Our Lord tells us in Luke’s Gospel that “out of the fullness of the heart, the mouth speaks” (6:45). Only a heart as full of grace as Mary’s was could say what she said. She was holy in an utterly unprecedented way, and so she could say “yes” to an utterly unprecedented proposal from God.

Yet each of us has her or his own “yes” to say to God. And we might worry that since our hearts *aren’t* full of grace, that we still haven’t completely let go of our sins, we won’t be able to do it. Or we won’t be able to live out the “yes” we’ve already said to God. Sometimes, a few years after we have committed to a vocation—to marriage, the priesthood, or to the consecrated life—we can be tempted to doubt our “yes”. We can be tempted to doubt whether we really meant it, whether we were even capable of meaning it, or whether we’re capable of staying faithful.

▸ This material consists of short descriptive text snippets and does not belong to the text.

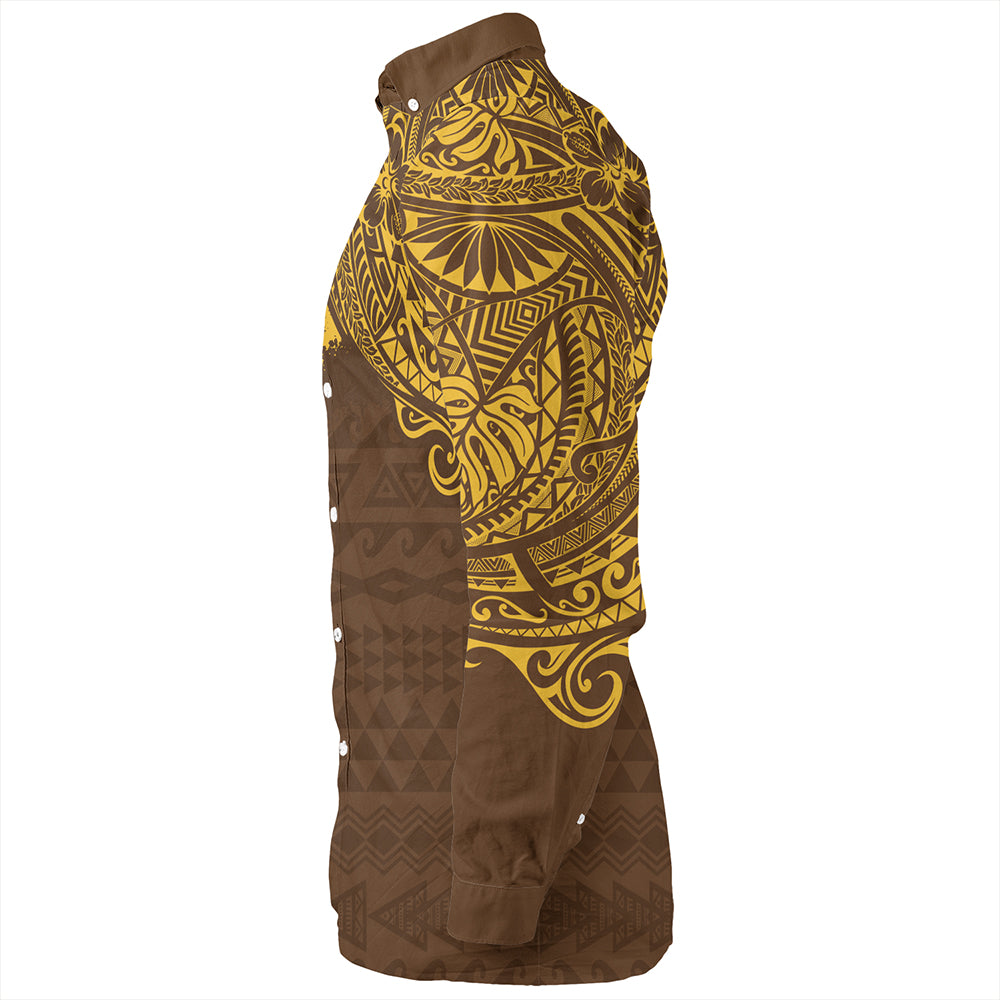 Hawaii Long Sleeve Shirt Mililani High School With Crest Style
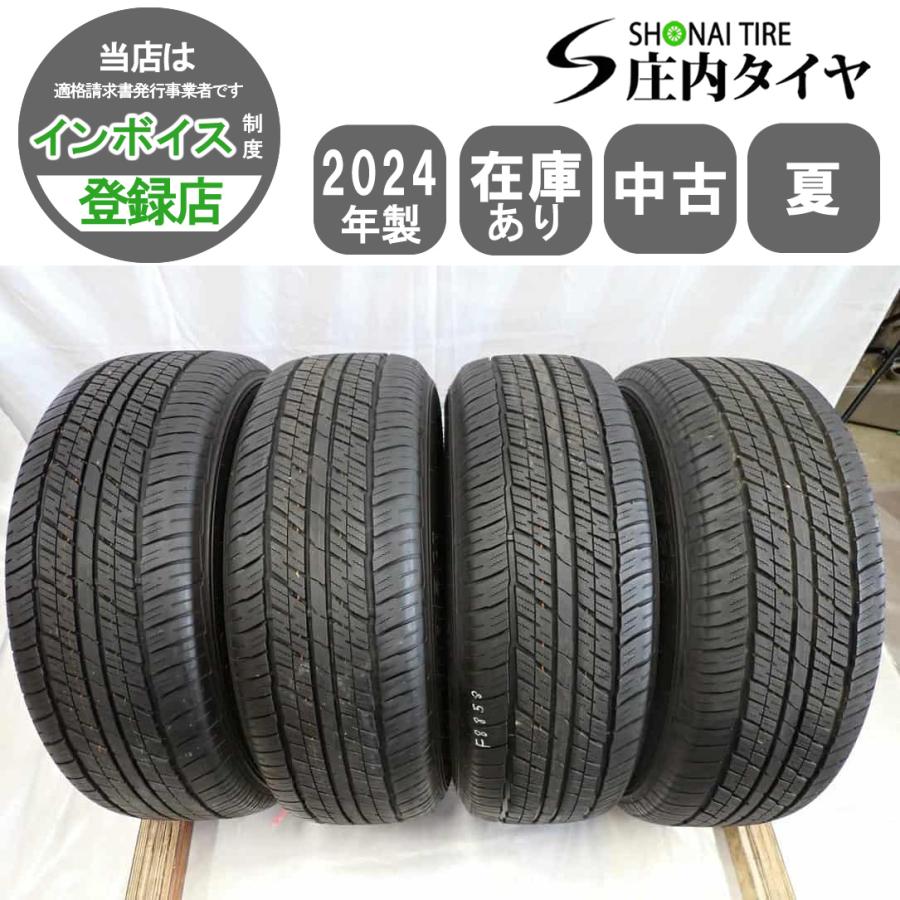 新車外し 夏4本SET 会社宛 送料無料 265/65R18 114V ダンロップ グラン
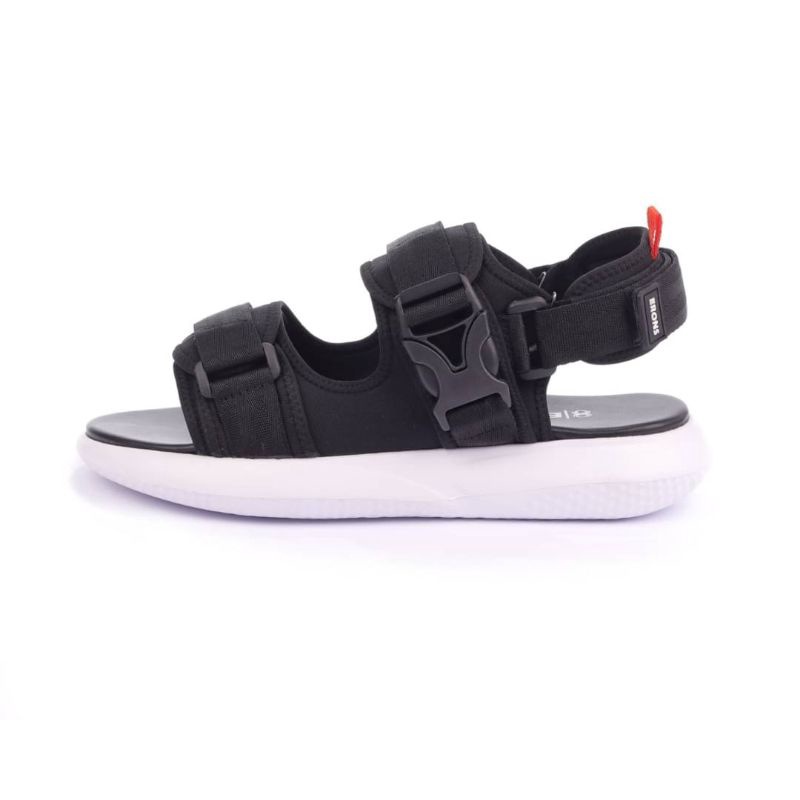 ERONS - VERO BLACK WHITE | SANDAL TRAVELLING PRIA&WANITA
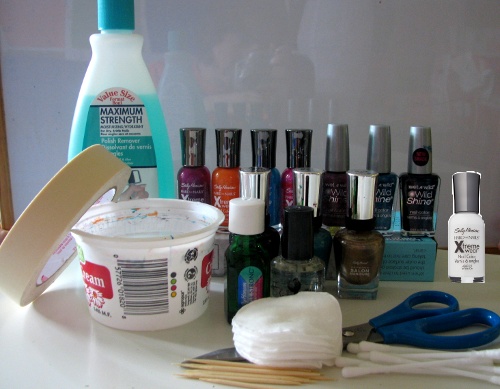 9. Plastic Bag Nail Polish Marbling - wide 10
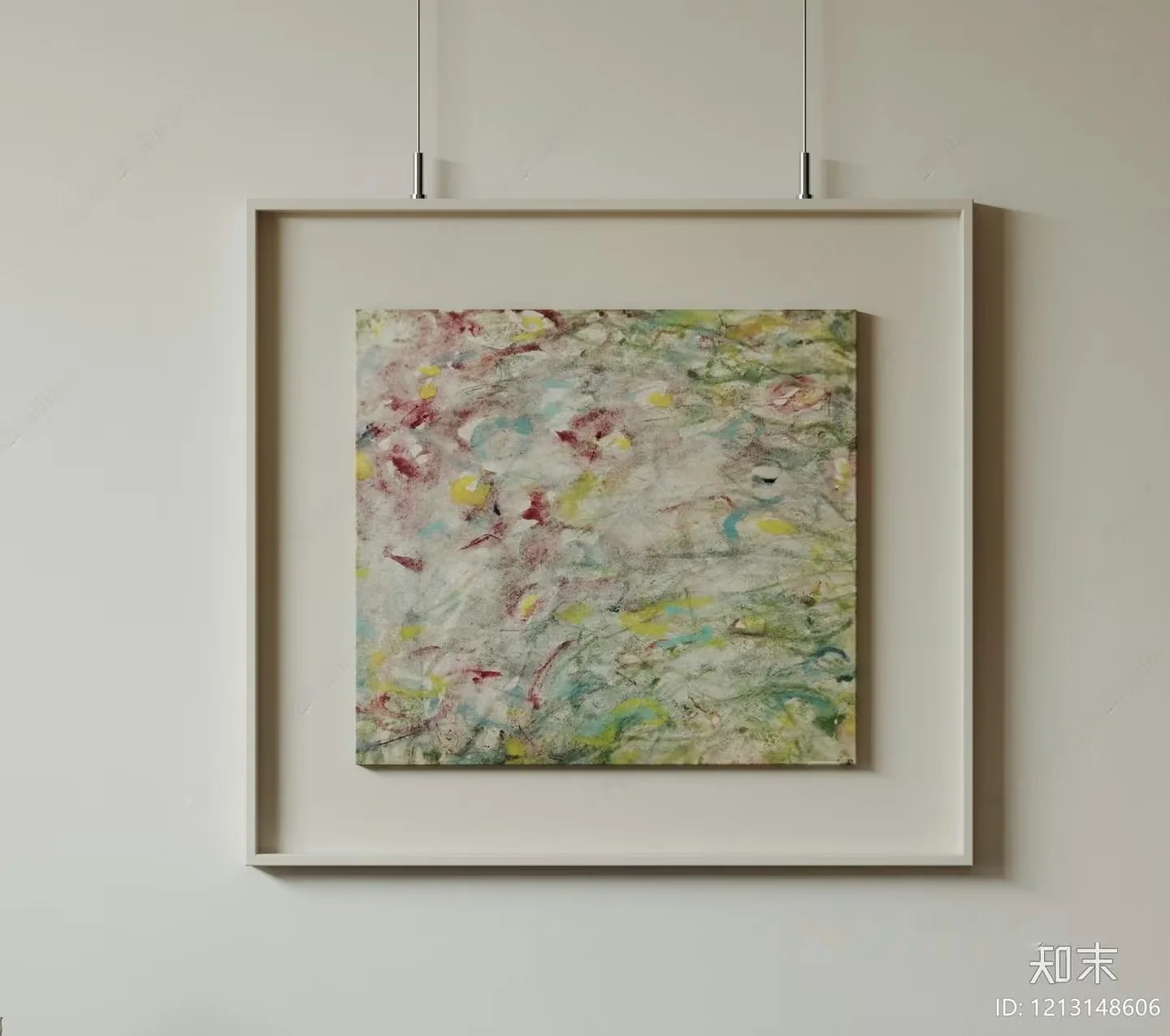 Abstract Art 3D Model – 3592 – VRAY Render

Pope Benedict XVI has some words of consolation for us. He writes, “The mystery of the grace that takes place in Mary does not create a distance between us and her and make her unapproachable, turning her into an object of mere (and therefore empty, meaningless) wonder. On the contrary, she becomes a consoling sign of grace, for she proclaims the God whose light shone on the ignorant shepherds and whose mercy raised up the lowly in Israel and the world. She proclaims the God who is ‘greater than our hearts’ (I Jn 3:20) and whose grace is stronger than all our weakness. If John the Baptist represents the unsettling seriousness of the divine summons, Mary represents the hidden but profound joy that this summons brings” (Dogma and Preaching, 327-328).

There is a lot we could say about *how* we say our own “yes” to God, our own “may it be done to me”. For today’s feast of the Annunciation, I want simply to emphasize that you *can* say this “yes” and live it faithfully, looking to Mary’s example and trusting in her help.